Group‐level region‐based whole brain connectivity analyses have been conducted to identify differentially expressed connectivity patterns between cohorts with different clinical or experimental conditions [Craddock et al., 2009; Fornito et al., 2013; Ginestet et al., 2014; Guo et al., 2014; Park and Friston, 2013; Shehzad et al., 2014; Zalesky et al., 2012b]. However, the high dimensionality of connectivity features and the complex correlation structure between them pose difficulties to detect the truly differentially expressed connectivity features without introducing substantial false‐positive findings. Mass‐univariate statistical analyses on connections naturally require multiple testing adjustment methods, such as family‐wise error rate (FWER) or false discovery rate (FDR), to control false‐positive findings [Simpson et al., 2013b; Varoquaux and Craddock, 2013]. Different from other types of high‐dimensional data (e.g., genomics), the correlation between connectivity features could be affected by an explicit topological structure comprised of brain areas (nodes).

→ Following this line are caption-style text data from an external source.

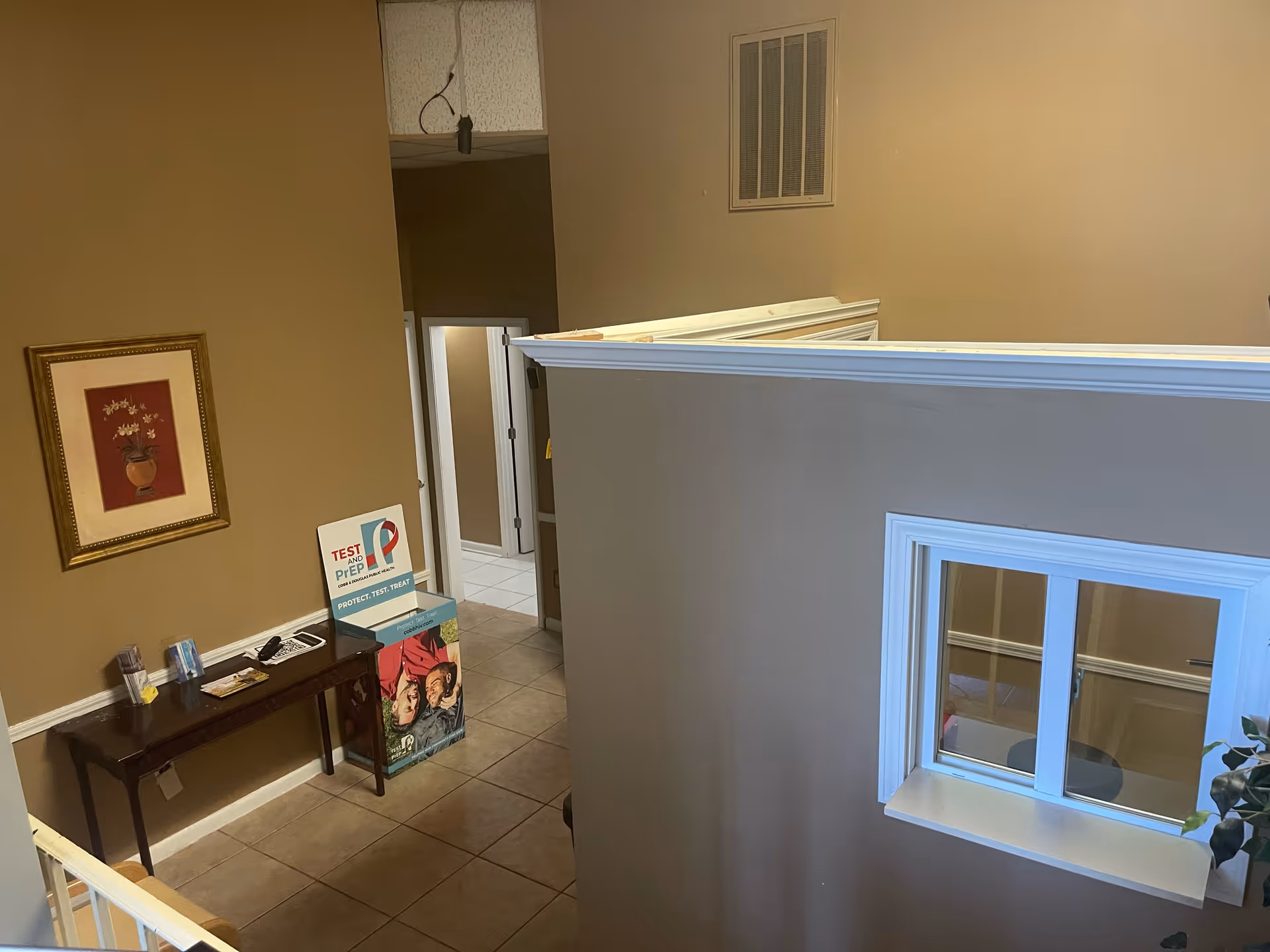 View of a beige-walled interior corner with a hallway, window, and pamphlet stand on tiled floor.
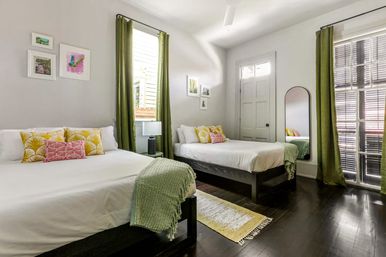 Sunlit modern guest bedroom with two white-made beds, green curtains and throws, yellow patterned pillows, hardwood floors, wall art and a tall mirror
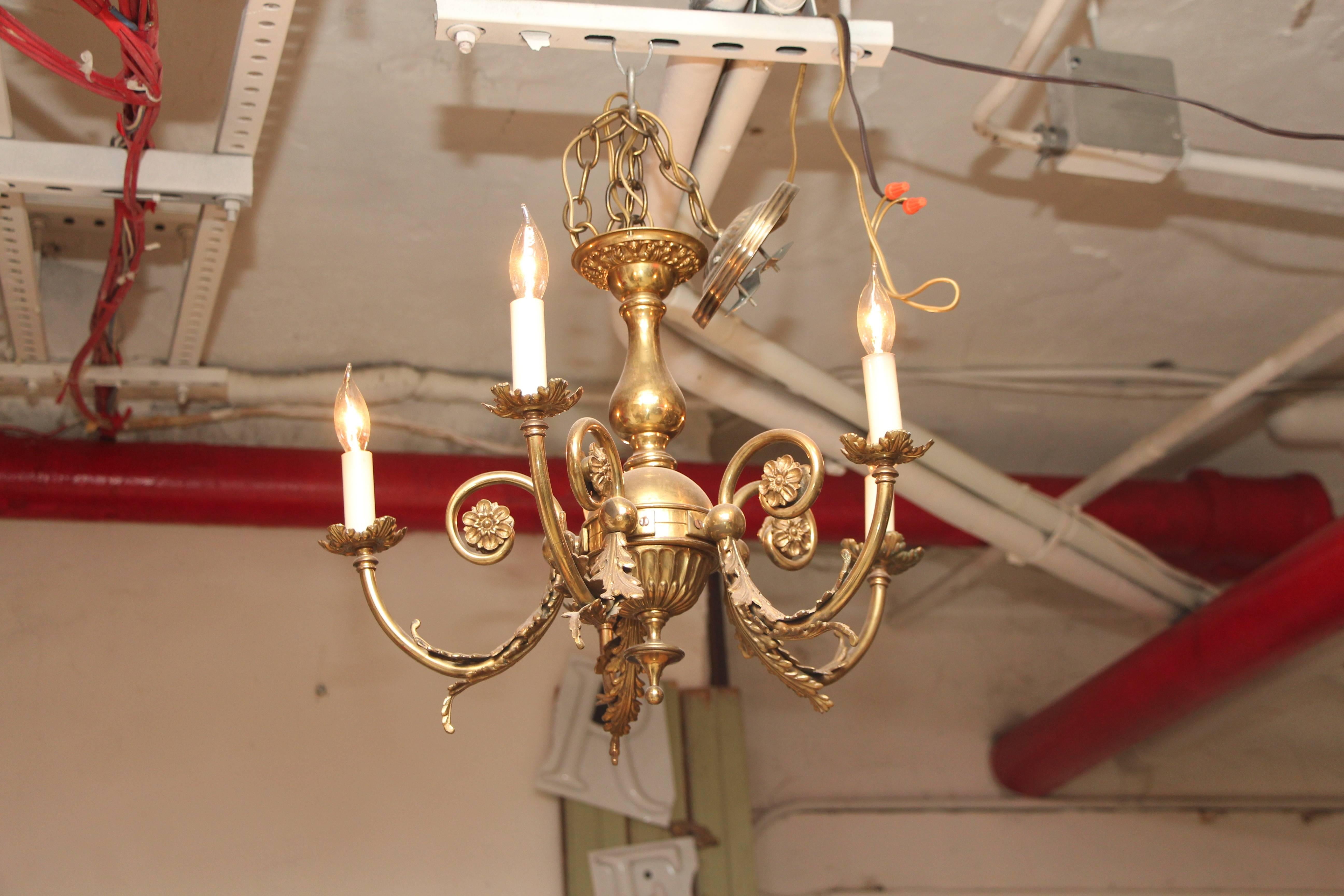 1920s petite brass five-arm chandelier with rosettes and leaf details. Simple but elegant. This item can be viewed at our 5 East 16th St, Union Square location in Manhattan.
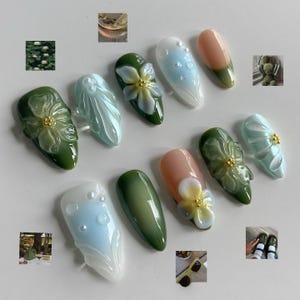 Puede incluir: Una colección de uñas artificiales con varios diseños. Algunas uñas presentan adornos florales en 3D con detalles dorados, mientras que otras tienen colores degradados, detalles de perlas y un diseño de dos tonos. La paleta de colores incluye tonos verdes, azules y melocotón.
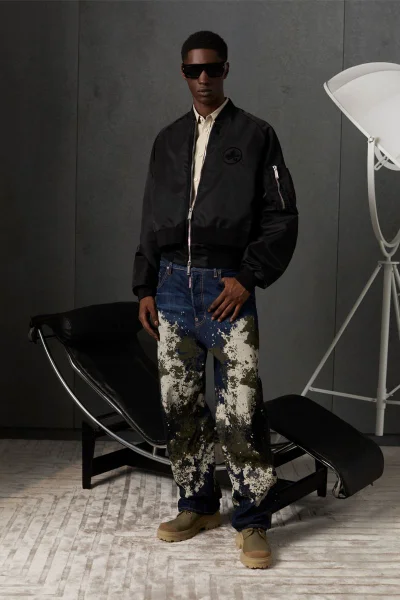 Model wearing black bomber jacket, patterned jeans, and sunglasses standing in a modern studio setting with a lounge chair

Ignoring such topological structure‐related correlation may lead to overly conservative multiple testing adjustments and a substantial loss of statistical power (i.e., no positive findings) [Fan et al., 2012]. There have been few attempts to investigate the topological structure of the differentially expressed connectivity features. Graph/network‐based population‐level connectivity analyses seem to be a good solution to identify differences of connections with topological structures by leveraging both statistical and graph theoretical models [Guo et al., 2014; Simpson et al., 2012; Zalesky et al., 2012b]. Graph theoretical models are often used to model brain functional connectivity networks [Braun et al., 2012; Bullmore and Sporns, 2009; Rubinov and Sporns, 2010; Simpson et al., 2011, 2013a; Simpson and Laurienti, 2015; Sporns, 2011, 2012]. The nodes/vertices in the graph represent brain areas/regions and the edges express connections between the brain areas [Rubinov and Sporns, 2010; Sporns, 2011]. Because most connectivity metrics are continuous (e.g., Pearson correlation), all edges are weighted, and the overall graph including all nodes is a weighted complete graph [Rubinov and Sporns, 2010, 2011; Zalesky et al., 2010, 2012a]. The group‐wise statistical inferences are conducted based on the weighted complete graphs.

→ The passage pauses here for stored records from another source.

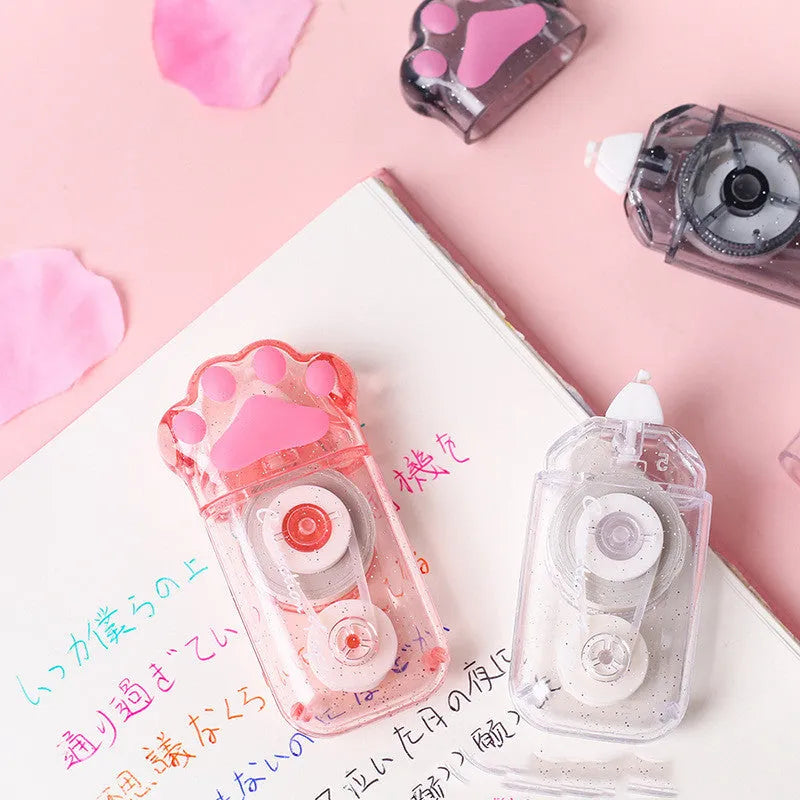 Cat claw correction tape dispenser with 5mm wide PET plastic tape in skyco cat claw bag packaging.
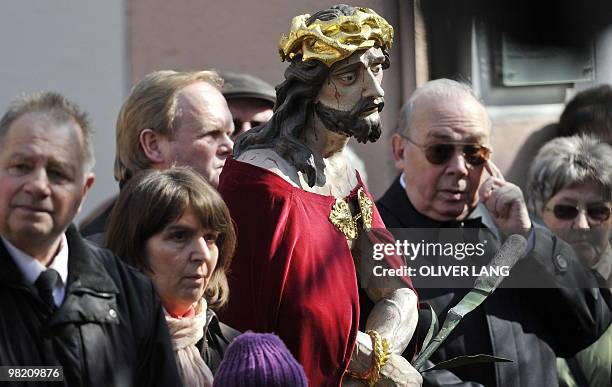 Believers stand next to a statue depicting Jesus during the Good Friday procession to commemorate the death of Christ on April 2, 2010 in Lohr,...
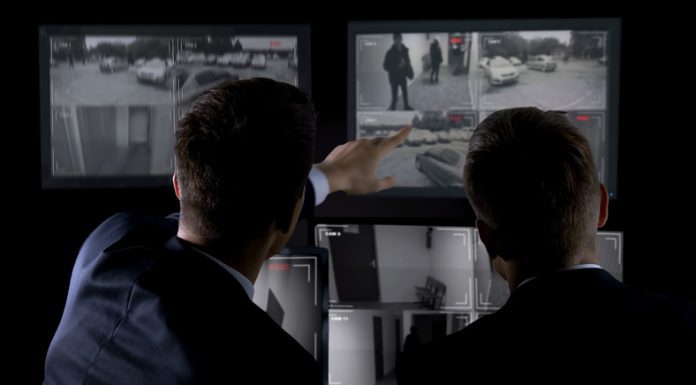 Private agents monitoring CCTV footage, searching for criminal, discussion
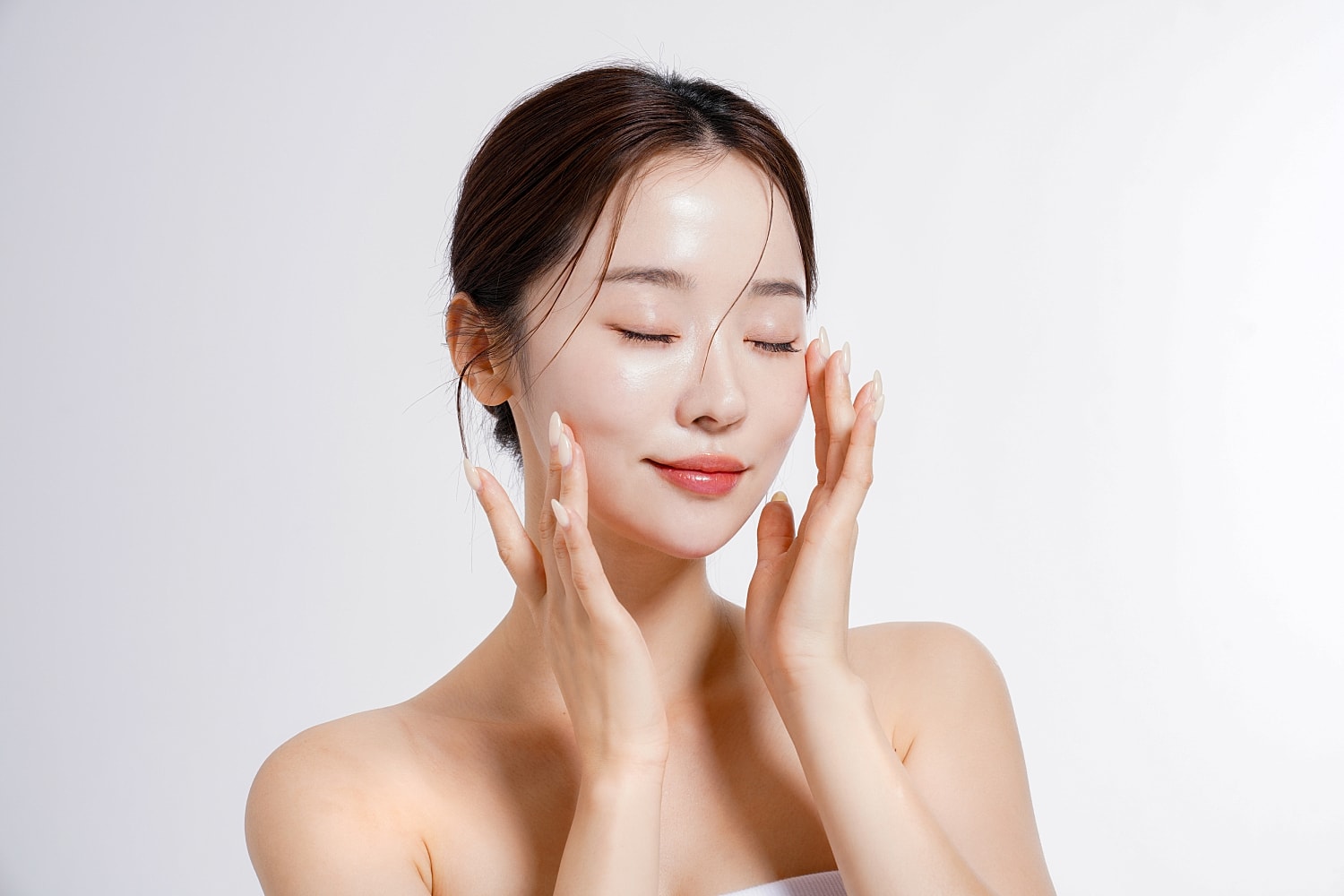 Woman applying skincare with a peaceful expression.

There are mainly two types of commonly used group‐wise connectivity graph/network analysis methods: (1) global network metric‐based (GNM) methods, which first calculate graph theoretical metrics, such as “small‐worldness,” modularity, and transitivity or cross‐entropy/mutual information, for each individual, and then conduct statistical testing or regression analysis on the metrics at a group level [Marrelec et al., 2008; Rubinov and Sporns, 2010; Sporns, 2011, 2012; van den Heuvel et al., 2010] and similarly; (2) differentially expressed network (DEN) methods, such as network‐based statistics (NBS) and spatial pairwise clustering (SPC), which first perform mass‐univariate statistical analysis for each edge at the group level and next assembles the edges as a network using optimization algorithms [Zalesky et al., 2010, 2012b]. For example, the NBS method first applies a breadth‐first method to detect the network and then conducts permutation tests to adjust for multiple tests in the weak sense. Both NBS and SPC methods have been successfully applied to neuroimaging studies and yielded many interesting findings [Achard et al., 2006; Bassett et al., 2011, 2012; Fornito et al., 2012; Honey and Sporns, 2008; van den Heuvel et al., 2008, 2009] In general, the GNM method does not involve multiple testing corrections for a single graph theoretical metric, because the edges are combined into a single metric. However, the GNM results often only include overall graph theoretical properties without information of localized nodes and edges [Zalesky et al., 2010]. In contrast, the DEN method can reveal spatially specific information rather than only averaged/summarized metrics, but it requires adjustment for multiple comparisons [Fornito et al., 2013]. The NBS and SPC methods by Zalesky et al. (2010, 2012b) are two widely used DEN methods, which successfully incorporate family‐wise error control with network detection by applying permutation testing. Kim et al. (2014) conducted comprehensive comparisons of several DEN testing/detection methods and concluded that the NBS method outperforms the others, given appropriate threshold values. However, these two methods may still be subject to lack of power when the testing results contain high false‐positive noises. The noises may cause the detected networks to include many nodes and a small proportion of supra‐threshold connections such that the permutation testing results turn out to be not statistically significant.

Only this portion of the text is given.